== Directions for this task ==
Below are some records; quote exactly the lines from the one that contains "Шлифмашина ленточная аккумуляторная" through the one that contains "GOLDEN FLEECE: A", inclusive, and no others.

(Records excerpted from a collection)

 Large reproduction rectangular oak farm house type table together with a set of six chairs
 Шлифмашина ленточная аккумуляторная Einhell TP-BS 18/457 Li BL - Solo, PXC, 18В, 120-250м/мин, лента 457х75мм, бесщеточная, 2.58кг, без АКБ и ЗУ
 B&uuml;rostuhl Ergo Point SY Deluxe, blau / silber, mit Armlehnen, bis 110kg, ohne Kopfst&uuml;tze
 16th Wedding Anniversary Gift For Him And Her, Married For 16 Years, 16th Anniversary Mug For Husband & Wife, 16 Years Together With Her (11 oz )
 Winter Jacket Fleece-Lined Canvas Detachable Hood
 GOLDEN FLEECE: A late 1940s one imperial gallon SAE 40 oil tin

...

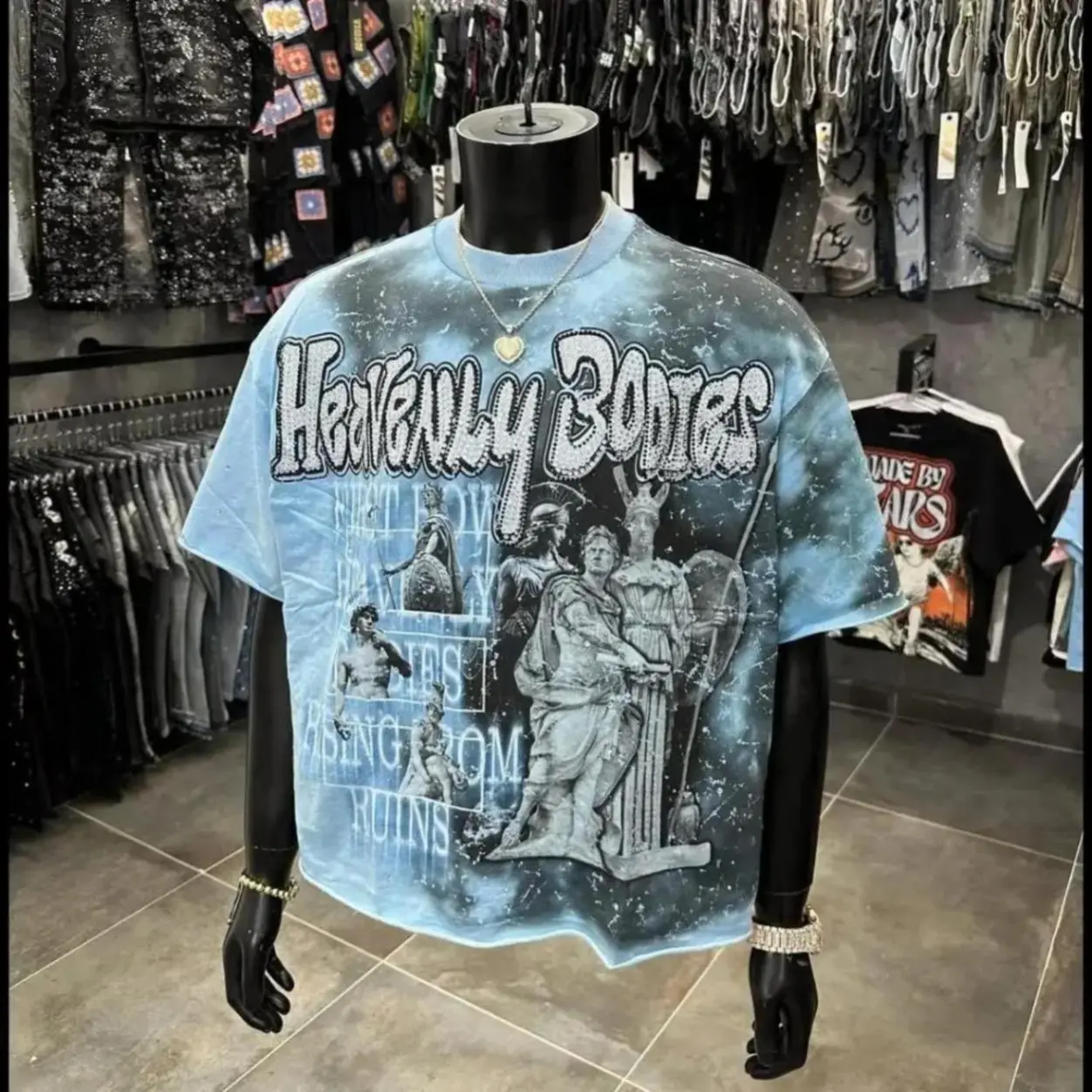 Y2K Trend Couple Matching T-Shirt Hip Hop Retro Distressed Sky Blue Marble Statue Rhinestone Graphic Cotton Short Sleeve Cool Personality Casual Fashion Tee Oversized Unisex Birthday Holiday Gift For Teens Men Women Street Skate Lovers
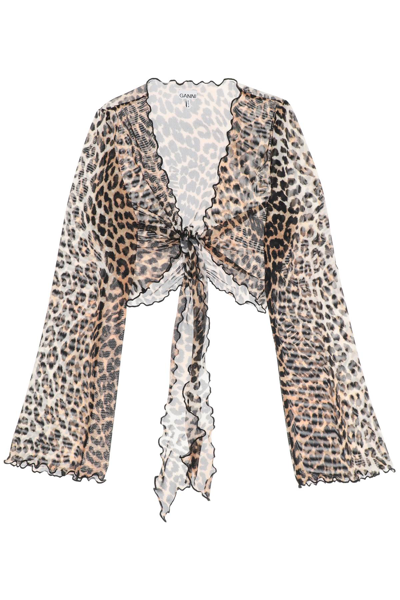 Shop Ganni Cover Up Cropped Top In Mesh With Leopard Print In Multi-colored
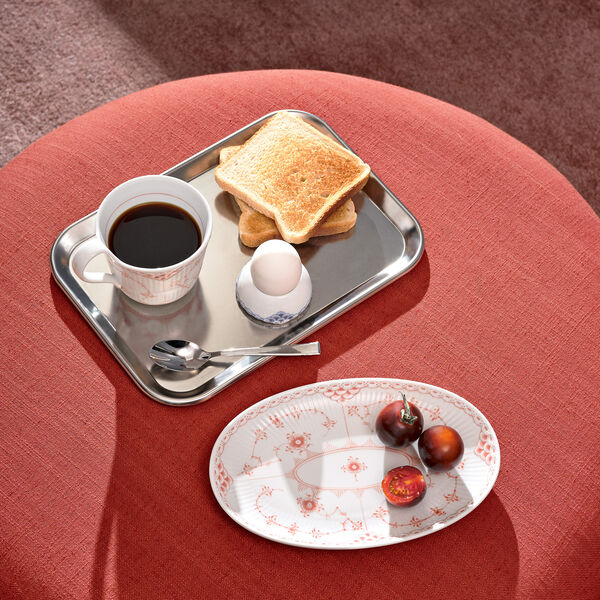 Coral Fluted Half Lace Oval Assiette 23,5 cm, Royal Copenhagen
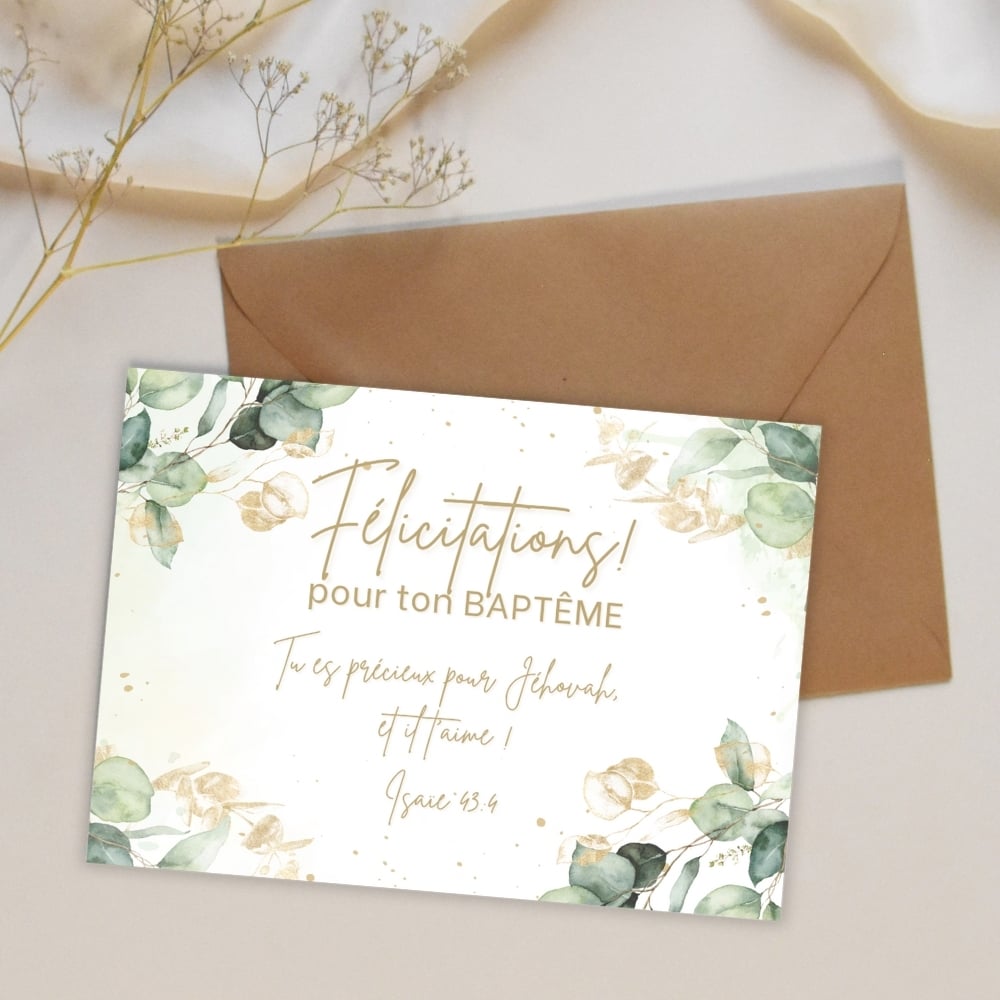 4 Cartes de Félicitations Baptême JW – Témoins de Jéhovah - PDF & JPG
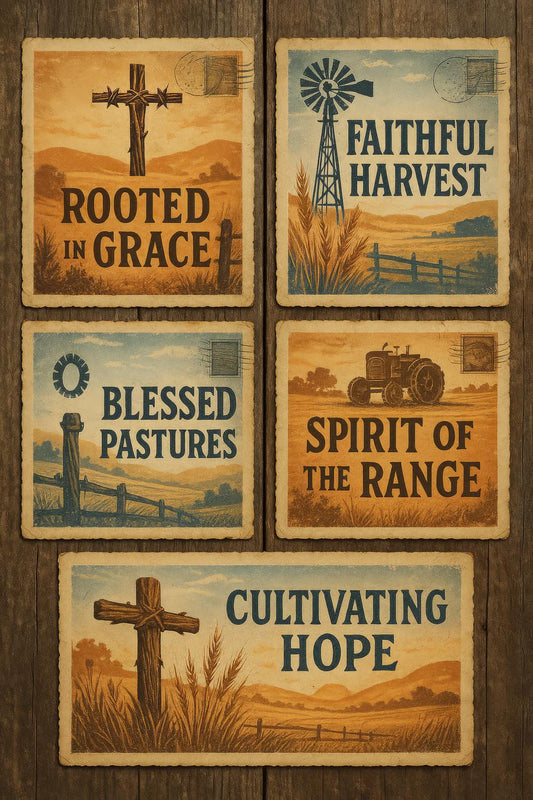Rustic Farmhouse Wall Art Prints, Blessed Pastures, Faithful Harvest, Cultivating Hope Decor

* * *

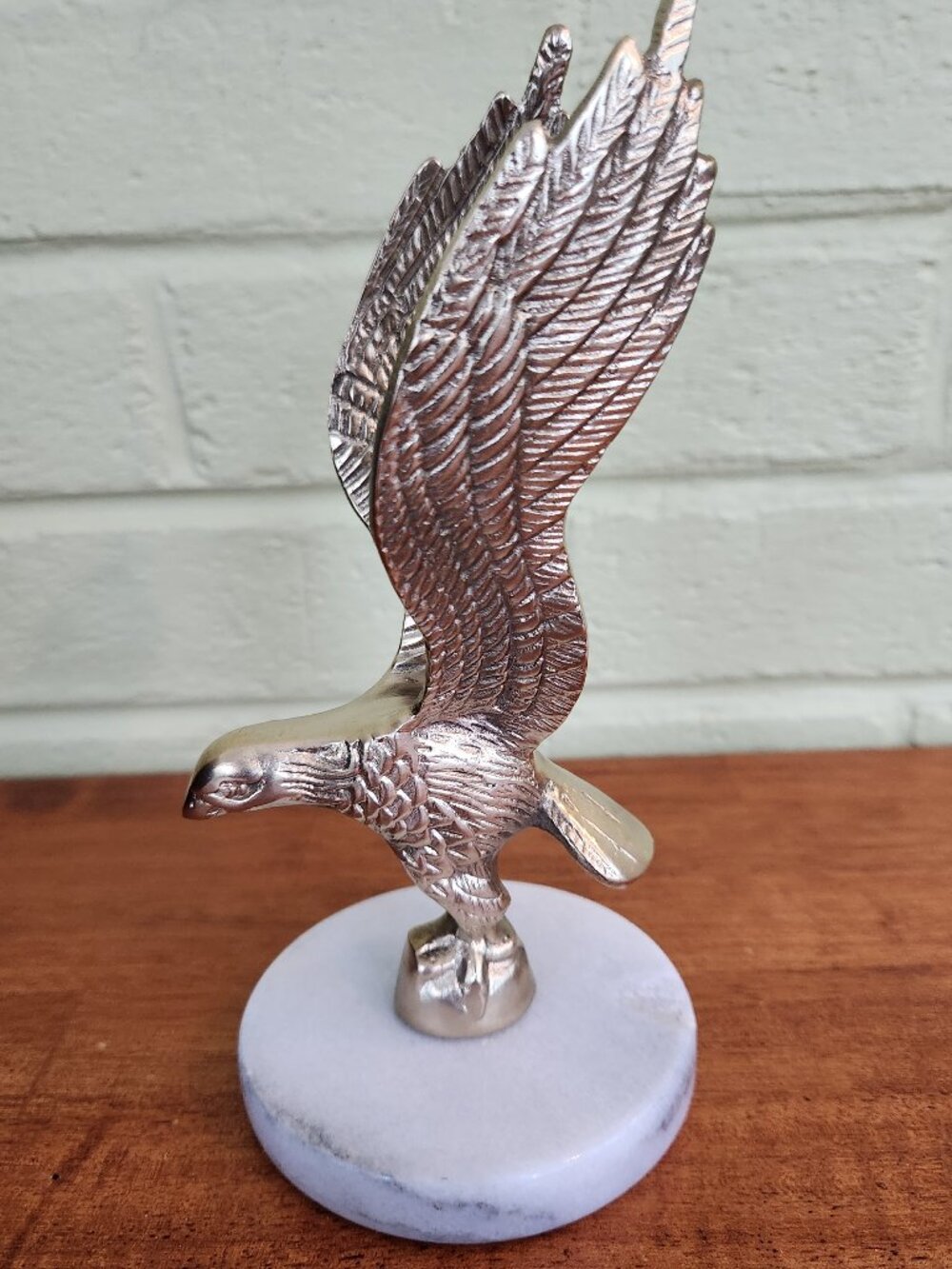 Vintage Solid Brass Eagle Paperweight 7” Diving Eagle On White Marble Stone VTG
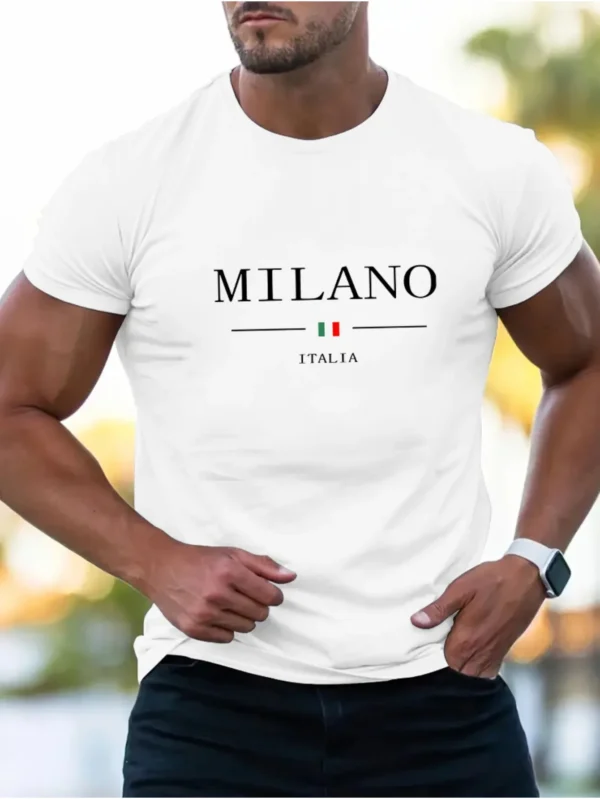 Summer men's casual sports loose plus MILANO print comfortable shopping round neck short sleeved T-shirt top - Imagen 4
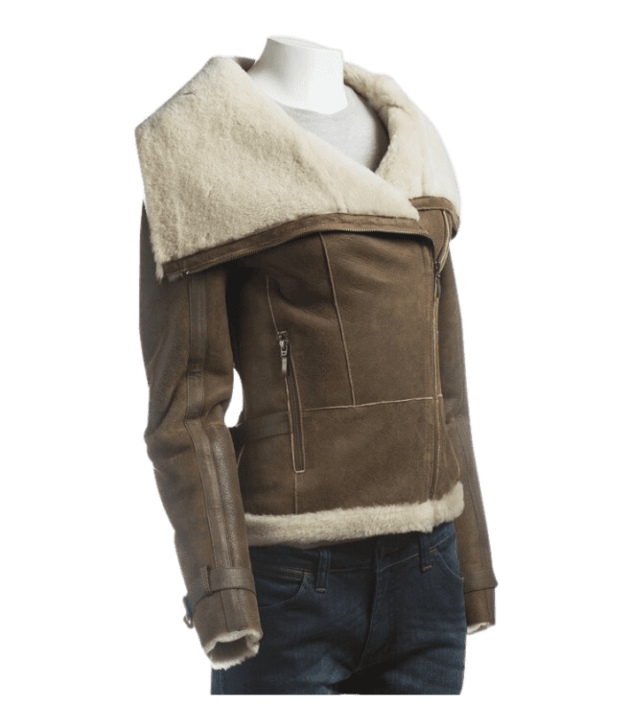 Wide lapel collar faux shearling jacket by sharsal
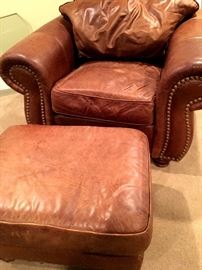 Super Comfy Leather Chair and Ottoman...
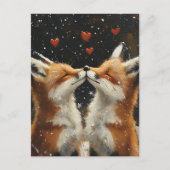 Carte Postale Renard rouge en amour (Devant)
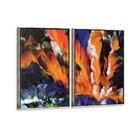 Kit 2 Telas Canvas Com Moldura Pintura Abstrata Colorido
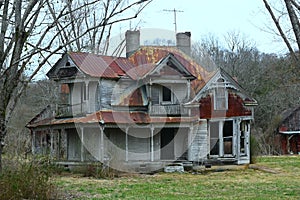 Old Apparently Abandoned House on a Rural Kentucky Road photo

== Output for this exercise ==
 Шлифмашина ленточная аккумуляторная Einhell TP-BS 18/457 Li BL - Solo, PXC, 18В, 120-250м/мин, лента 457х75мм, бесщеточная, 2.58кг, без АКБ и ЗУ
 B&uuml;rostuhl Ergo Point SY Deluxe, blau / silber, mit Armlehnen, bis 110kg, ohne Kopfst&uuml;tze
 16th Wedding Anniversary Gift For Him And Her, Married For 16 Years, 16th Anniversary Mug For Husband & Wife, 16 Years Together With Her (11 oz )
 Winter Jacket Fleece-Lined Canvas Detachable Hood
 GOLDEN FLEECE: A late 1940s one imperial gallon SAE 40 oil tin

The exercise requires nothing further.